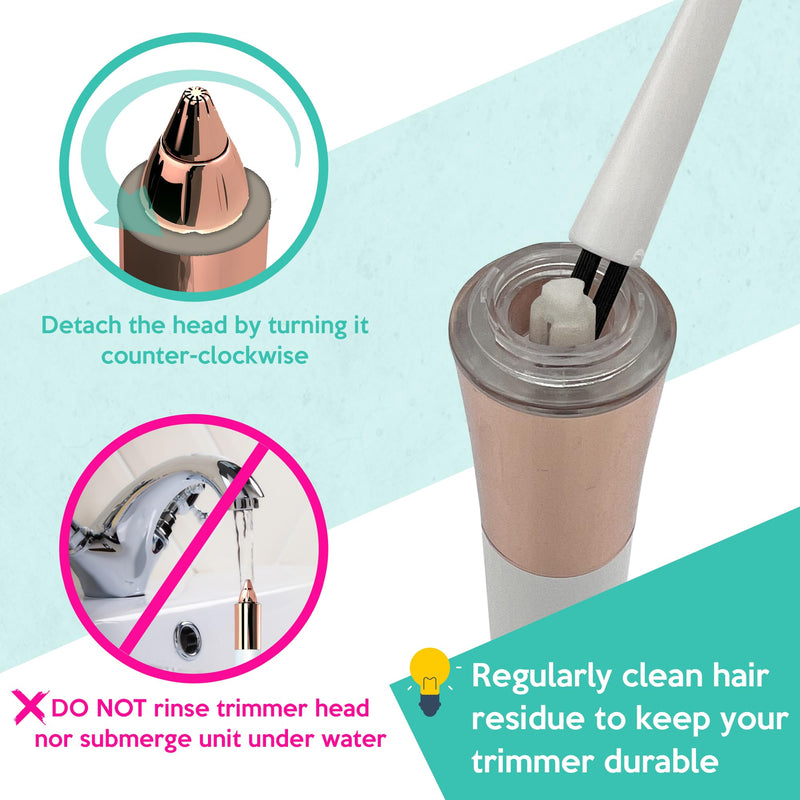 2 in 1 Eyebrow and Facial Hair Remover for Women Painless Flawless Electric Razor Epilator Trimmer Shaver with 18K Gold-Plated, USB Rechargeable, 360° LED for Eyebrow and Face Hair Removal Combo 2 in 1 Crystal White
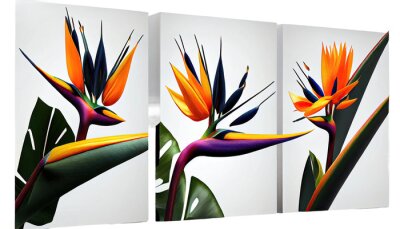 Papier peint  Bird of paradise, Strelitzia reginae, Striking tropical plant with colorful blooms, png, cutout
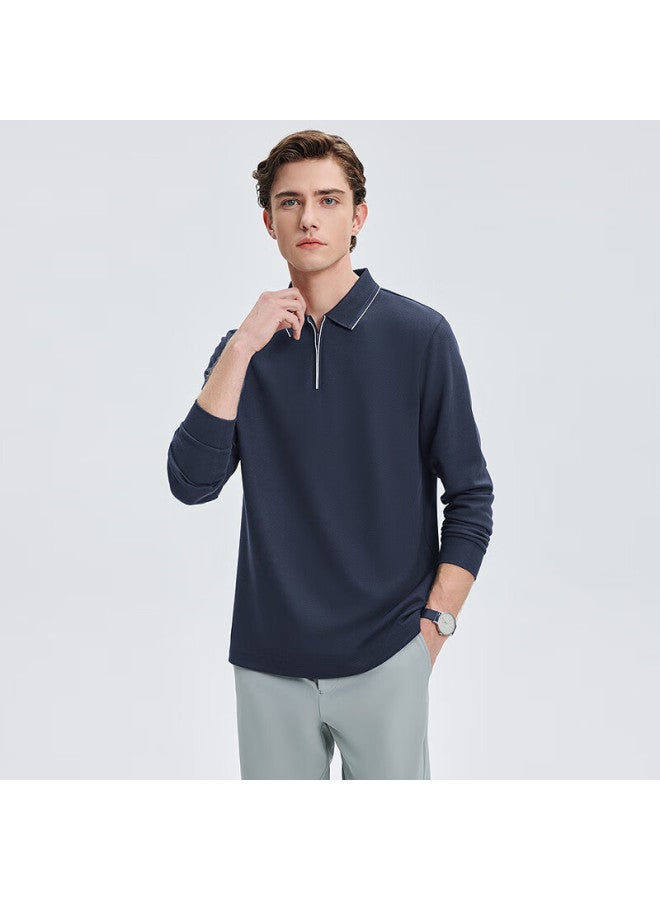 Septwolves Seven Wolves Long Sleeve Polo Shirt Autumn Fashion Casual Zip-up Long Sleeve T-shirt Youth Men's Jacquard Fruit Pattern Collar Shirt - Image 1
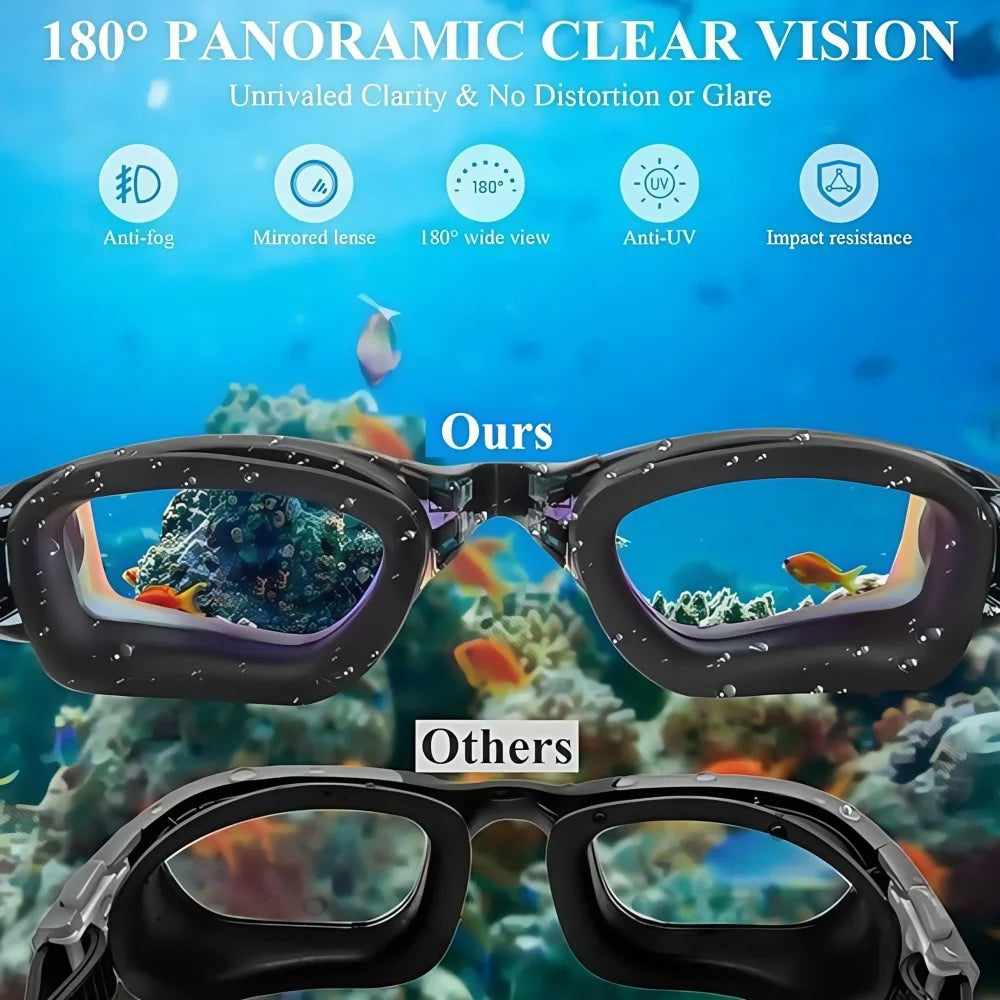 Adult Swimming Goggles with Nose Clip And Earplugs Anti Fog UV Protection Full Face Leak-Proof Swim Goggles for Men And Women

• Assignment:
Please return exactly the lines from the one containing "blooms, png, cutout" through the end of the material above, both ends included, but not the pictures.

• Answer for this exercise:
 Papier peint  Bird of paradise, Strelitzia reginae, Striking tropical plant with colorful blooms, png, cutout
 Septwolves Seven Wolves Long Sleeve Polo Shirt Autumn Fashion Casual Zip-up Long Sleeve T-shirt Youth Men's Jacquard Fruit Pattern Collar Shirt - Image 1
 Adult Swimming Goggles with Nose Clip And Earplugs Anti Fog UV Protection Full Face Leak-Proof Swim Goggles for Men And Women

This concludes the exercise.